Many years ago, Marc Andreeson penned an article in the Wall Street Journal titles, Why Software Is Eating The World. In it, he laid out the case of how we were heading towards a truly digital future and the largest companies would be those based upon software.
A decade later, his view is realized. Right now the two largest companies in the world are Microsoft and Apple, followed by Amazon and Google. All built software platforms that enable them to leverage their returns. These companies just keep growing in size, with no signs of slowing down.
Andreeson was not referring to cryptocurrency but it certainly fits into this model. This is a software based monetary system that is unlike anything the world has seen. It was designed specifically for the digital world which makes it ideal for what is about to come.
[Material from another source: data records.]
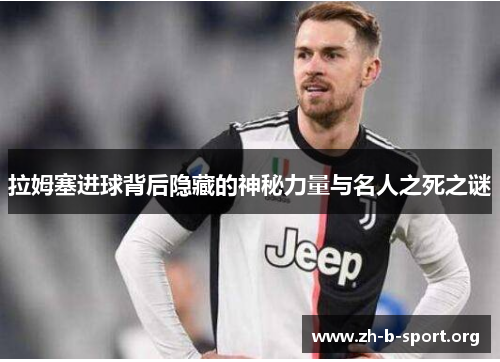 拉姆塞进球背后隐藏的神秘力量与名人之死之谜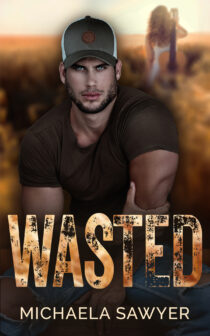 Wasted by Michaela Sawyer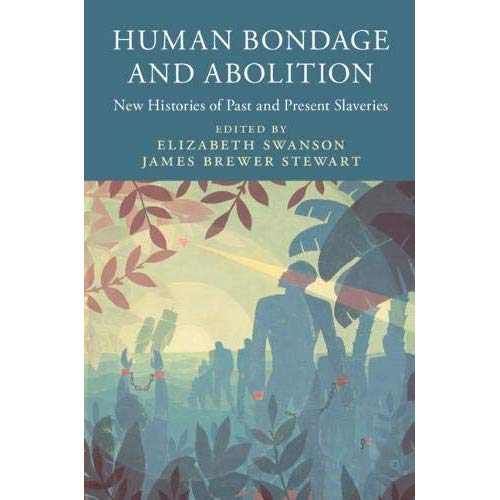 Human Bondage and Abolition (Slaveries since Emancipation)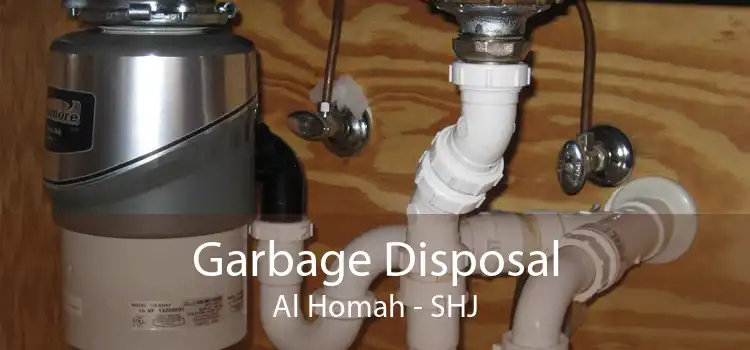 Garbage Disposal Al Homah - SHJ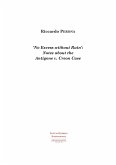 'No Excess without Ruin': Notes about the Antigone v. Creon Case (eBook, PDF)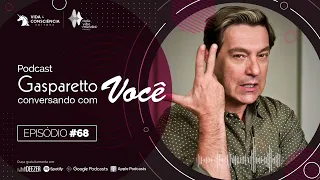 NÃO ACEITE O LIXO DOS OUTROS  - PODCAST DO GASPARETTO #68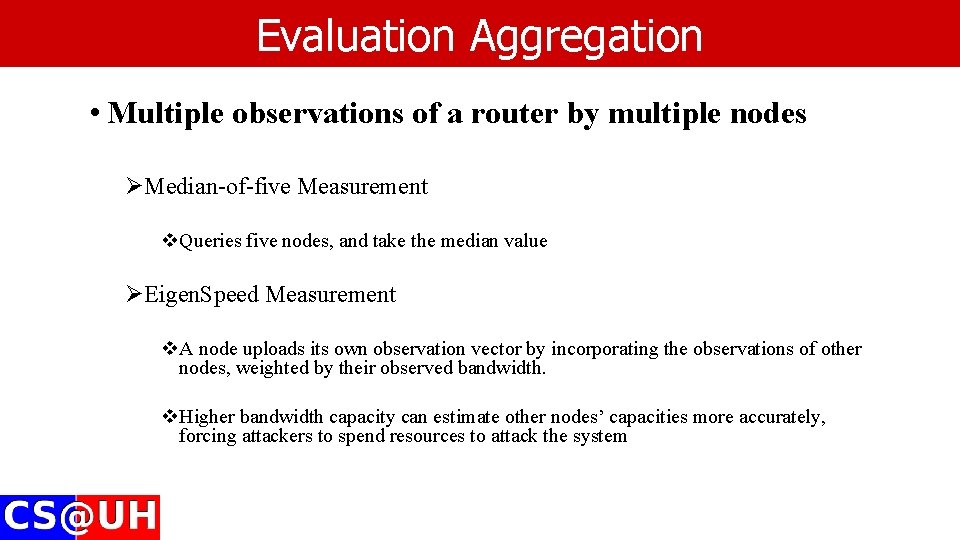 Evaluation Aggregation • Multiple observations of a router by multiple nodes ØMedian-of-five Measurement v. Evaluation Aggregation • Multiple observations of a router by multiple nodes ØMedian-of-five Measurement v.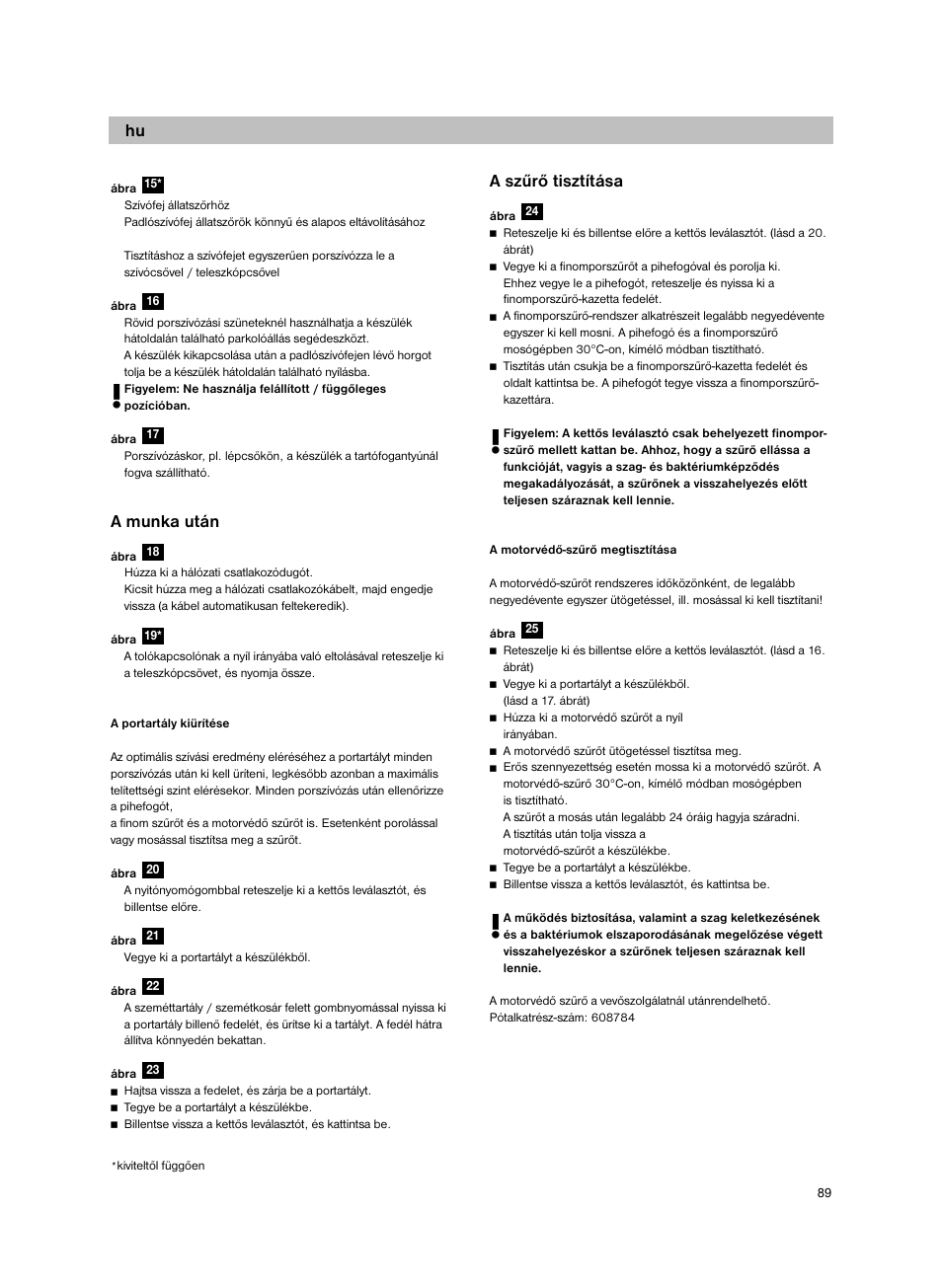 A munka után, A szűrő tisztítása | Bosch Bodenstaubsauger BX32131 magic black transluzent schwarz anthrazit BX3 hepa 2100 W User Manual | Page 95 / 143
Recently was saw the entry of Wall Street and other mainstream institutions start to enter through the purchase of Bitcoin. This, of course, got the typical market observers involved, leading many to believe cryptocurrency is another asset class.
These entities simply look at cryptocurrency as something else to invest in. To them, it is a way to get a return on their money. Hence, there is no different between cryptocurrency, commodities or equities. They all are investment classes to move in and out of.
This is a mistaken view. Cryptocurrency is not an asset class. The sooner people realize this, the better off they will be. To taking this view is to miss the larger picture.
So if cryptocurrency is not an asset class, what is going on?
Actually what people need to focus upon is that all assets classes will be crypto. This slight change shows how large this is going to be. It also spells the doom for a lot of mainstream institutions that appear to be permanently locked in our lives.
The process of tokenization changes the entire spectrum of investment. It goes to the core of all asset classes and brings them under this umbrella. There is not likely to be anything that does not get converted over in due time.
It is also a point that Wall Street misses.
They are approaching things like it is business as usual. This is far from the normal course of financial business that we are accustomed to. Instead, it is a radical shift in the control and ownership of assets.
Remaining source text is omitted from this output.